**Supplied material**
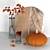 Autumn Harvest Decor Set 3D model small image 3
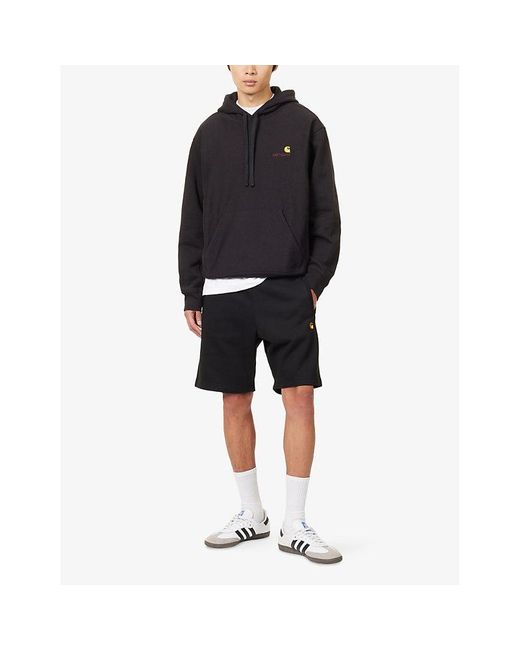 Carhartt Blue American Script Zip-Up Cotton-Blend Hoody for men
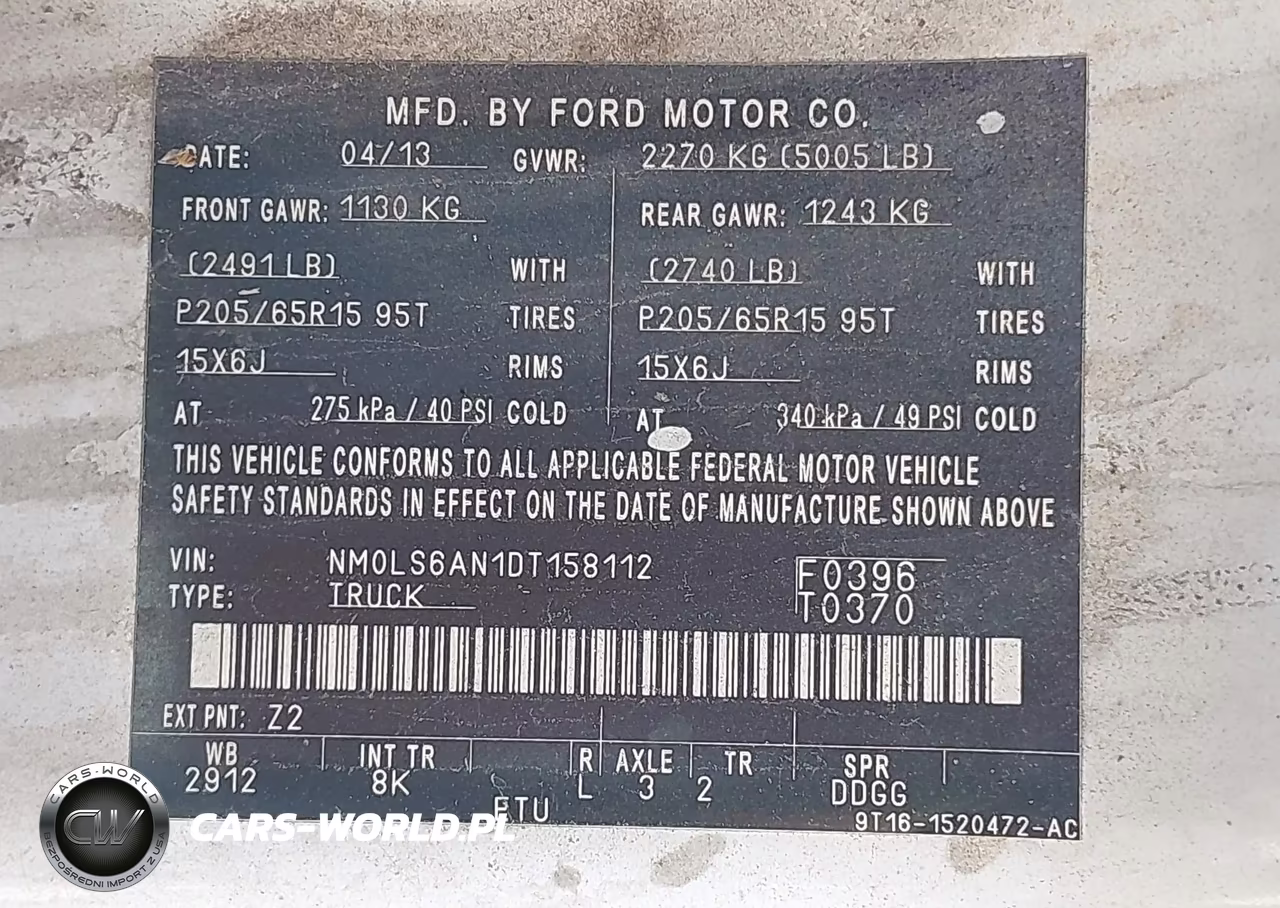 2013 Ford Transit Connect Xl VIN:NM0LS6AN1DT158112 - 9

**Work request**
Line by line and exactly, write out the material above. Skip the pictures.

**Written response**
 Autumn Harvest Decor Set 3D model small image 3
 Carhartt Blue American Script Zip-Up Cotton-Blend Hoody for men
 2013 Ford Transit Connect Xl VIN:NM0LS6AN1DT158112 - 9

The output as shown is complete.